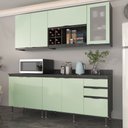 Ver imagem 1 de Cozinha Compacta Freijó L200cm 8 Portas 3 Gavetas Cz1200 Cor: Verde Mar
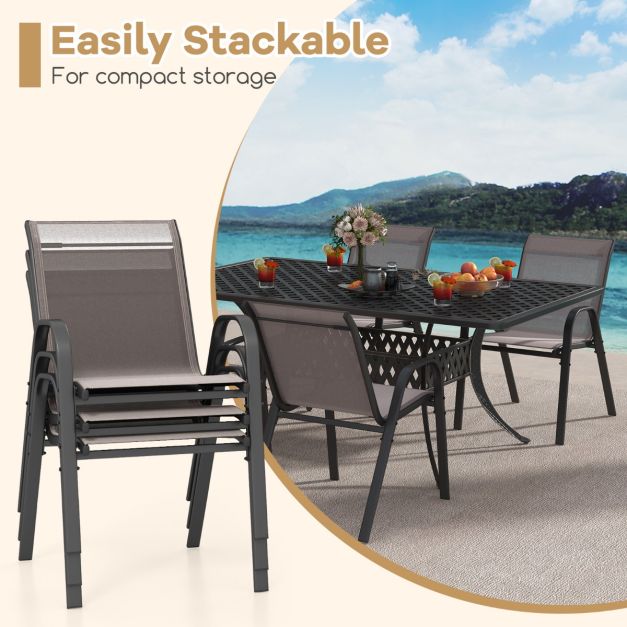 Chaises de terrasse en tissu respirant COAST - Lot de 2 - 56 x 70 x 84 cm - Gris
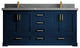 Boston 72 Double Sink Bath Vanity in Navy Blue 2" Piatra Gray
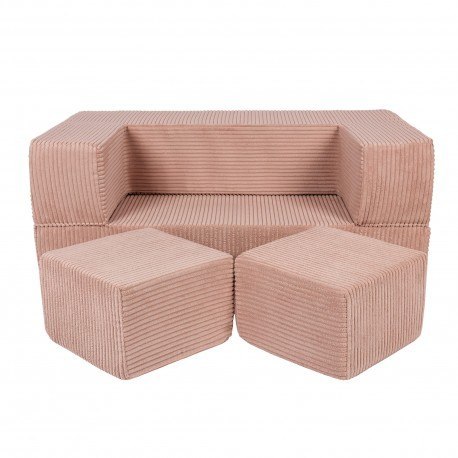 Aesthetic cube sofa pudrowy róż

Task prompt: Would you copy out every line of the data above exactly, minus the pictures?

Problem solution:
 Ver imagem 1 de Cozinha Compacta Freijó L200cm 8 Portas 3 Gavetas Cz1200 Cor: Verde Mar
 Chaises de terrasse en tissu respirant COAST - Lot de 2 - 56 x 70 x 84 cm - Gris
 Boston 72 Double Sink Bath Vanity in Navy Blue 2" Piatra Gray
 Aesthetic cube sofa pudrowy róż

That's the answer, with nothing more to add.